Once I’d cried myself through the tissue box, I needed to go and see Charlotte. I couldn’t stay in the room forever. I couldn’t change what had happened, I had to face facts. As I walked through the intensive care doors, I was unable to hold myself together. I rested one arm on the incubator and with the other I held Charlotte’s hand. Tears rolled down the incubator. Charlotte’s nurse came and put a reassuring arm around my shoulders. She advised us to go home and get some rest. She spoke in such a calm tone that I believed every word. She told us Charlotte was doing well and was stable. She had had a good day. When you hear distressing news for the first time it is always hard to take. Tomorrow was a new day.

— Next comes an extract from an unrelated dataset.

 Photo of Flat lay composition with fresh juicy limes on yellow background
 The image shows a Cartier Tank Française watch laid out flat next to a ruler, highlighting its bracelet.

Instead of driving to my parents’ house Connor and I went to our own home. On our way back, we called in at Tesco to buy some microwave meals. We needed to feel the safety of our home, sit in silence and digest what we had found out. Along with the assurances from our friends and family that Charlotte was going to be just fine, we were in a positive frame of mind. We phoned Connor’s Mum, Claire, who was a speech and language therapist and she was very positive upon hearing about Charlotte’s physical development. She explained what had happened in a clear way. Throughout the summer we had found her advice invaluable. She was good at seeing things from a different angle and interpreting them in a clear way. She knew what to say to keep our hopes up, together we could do this.
As we sat in our garden, on a sunny July evening, we discussed all the things we could do to help Charlotte. One close family friend had messaged me a few days earlier to say when the girls come home, Ben (their chestnut Shetland pony) was all theirs. I excitedly told Connor how Ben would be able to help Charlotte. We were prepared to do anything we could to make sure our little girl had the life she deserved.